> TASK STATEMENT: Would you reproduce the entries exactly, including every line?

Short descriptive text snippets
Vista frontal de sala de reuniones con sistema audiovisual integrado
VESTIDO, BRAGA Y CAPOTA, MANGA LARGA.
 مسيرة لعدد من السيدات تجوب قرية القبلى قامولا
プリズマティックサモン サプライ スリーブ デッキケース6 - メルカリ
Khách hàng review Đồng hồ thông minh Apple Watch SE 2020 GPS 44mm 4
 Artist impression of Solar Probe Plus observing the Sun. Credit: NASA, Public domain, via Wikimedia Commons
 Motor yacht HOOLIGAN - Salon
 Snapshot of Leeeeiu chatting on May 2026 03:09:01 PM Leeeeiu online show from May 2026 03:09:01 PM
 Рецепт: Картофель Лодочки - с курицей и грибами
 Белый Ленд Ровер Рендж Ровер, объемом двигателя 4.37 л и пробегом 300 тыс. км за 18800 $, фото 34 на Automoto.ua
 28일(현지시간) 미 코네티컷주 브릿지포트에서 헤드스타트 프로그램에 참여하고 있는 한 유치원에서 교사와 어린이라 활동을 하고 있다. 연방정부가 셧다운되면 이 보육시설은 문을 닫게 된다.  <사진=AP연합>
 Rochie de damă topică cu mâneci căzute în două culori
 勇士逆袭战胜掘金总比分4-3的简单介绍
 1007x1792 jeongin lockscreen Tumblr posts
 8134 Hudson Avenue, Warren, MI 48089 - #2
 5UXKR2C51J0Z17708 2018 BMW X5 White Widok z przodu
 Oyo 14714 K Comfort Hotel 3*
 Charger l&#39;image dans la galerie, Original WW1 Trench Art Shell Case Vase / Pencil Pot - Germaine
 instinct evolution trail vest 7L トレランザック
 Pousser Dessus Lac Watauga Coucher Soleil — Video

> EXERCISE RESPONSE:
Vista frontal de sala de reuniones con sistema audiovisual integrado
VESTIDO, BRAGA Y CAPOTA, MANGA LARGA.
 مسيرة لعدد من السيدات تجوب قرية القبلى قامولا
プリズマティックサモン サプライ スリーブ デッキケース6 - メルカリ
Khách hàng review Đồng hồ thông minh Apple Watch SE 2020 GPS 44mm 4
 Artist impression of Solar Probe Plus observing the Sun. Credit: NASA, Public domain, via Wikimedia Commons
 Motor yacht HOOLIGAN - Salon
 Snapshot of Leeeeiu chatting on May 2026 03:09:01 PM Leeeeiu online show from May 2026 03:09:01 PM
 Рецепт: Картофель Лодочки - с курицей и грибами
 Белый Ленд Ровер Рендж Ровер, объемом двигателя 4.37 л и пробегом 300 тыс. км за 18800 $, фото 34 на Automoto.ua
 28일(현지시간) 미 코네티컷주 브릿지포트에서 헤드스타트 프로그램에 참여하고 있는 한 유치원에서 교사와 어린이라 활동을 하고 있다. 연방정부가 셧다운되면 이 보육시설은 문을 닫게 된다.  <사진=AP연합>
 Rochie de damă topică cu mâneci căzute în două culori
 勇士逆袭战胜掘金总比分4-3的简单介绍
 1007x1792 jeongin lockscreen Tumblr posts
 8134 Hudson Avenue, Warren, MI 48089 - #2
 5UXKR2C51J0Z17708 2018 BMW X5 White Widok z przodu
 Oyo 14714 K Comfort Hotel 3*
 Charger l&#39;image dans la galerie, Original WW1 Trench Art Shell Case Vase / Pencil Pot - Germaine
 instinct evolution trail vest 7L トレランザック
 Pousser Dessus Lac Watauga Coucher Soleil — Video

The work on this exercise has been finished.